Kind of, how long would it have realistically taken for someone else (also really smart) to come up with the same thing if Einstein wouldn't have been there?


Replies

pegasusyesterday at 7:12 PM

But you're not actually questioning whether he was "really smart". Which was what GP was questioning. Sure, you can try to quantify the level of smarts, but you can't still call it a "stochastic parrot" anymore, just like you won't respond to Einstein's achievements, "Ah well, in the end I'm still not sure he's actually smart, like I am for example. Could just be that he's just dumbly but systematically going through all options, working it out step by step, nothing I couldn't achieve (or even better, program a computer to do) if I'd put my mind to it."

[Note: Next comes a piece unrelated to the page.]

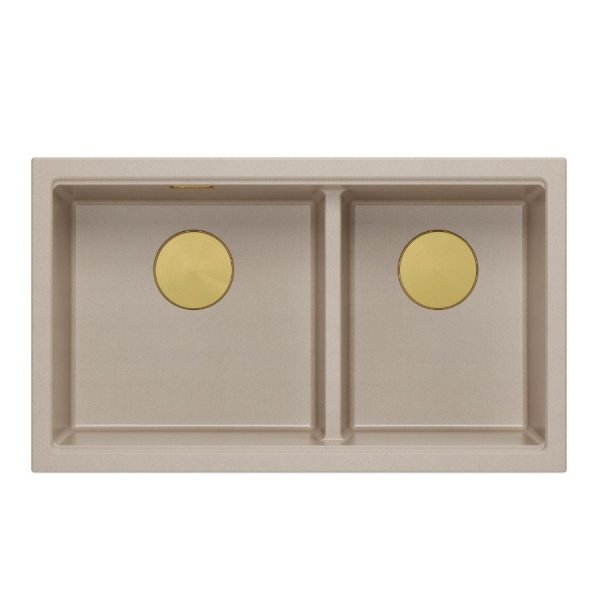 QUADRON | LOGAN 120 | granitowy zlewozmywak kuchenny PEARL BEIGE + ZŁOTO PVD | wymiar: 76 x 45 x 23,5 cm | 2-komorowy podwieszany | podbudowa szafki od: 80 cm HQL7645U2PVDG1U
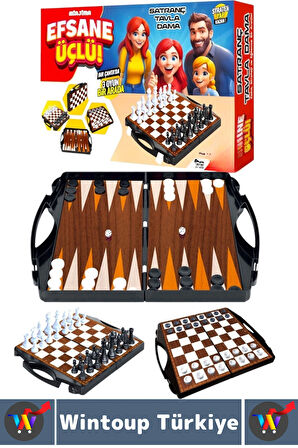 Eğlenceli Çocuk Yetişkin Aile Okul Eğitici Taşıma Çantalı Tavla Satranç Dama 3 in 1 Özel Oyun Seti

I personally doubt that this would work. I don't think these systems can achieve truly ground-breaking, paradigm-shifting work. The homeworld of these systems is the corpus of text on which it was trained, in the same way as ours is physical reality. Their access to this reality is always secondary, already distorted by the imperfections of human knowledge.

jaggederestyesterday at 6:40 PM

Well, we know many watershed moments in history were more a matter of situation than the specific person - an individual genius might move things by a decade or two, but in general the difference is marginal. True bolt-out-of-the-blue developments are uncommon, though all the more impressive for that fact, I think.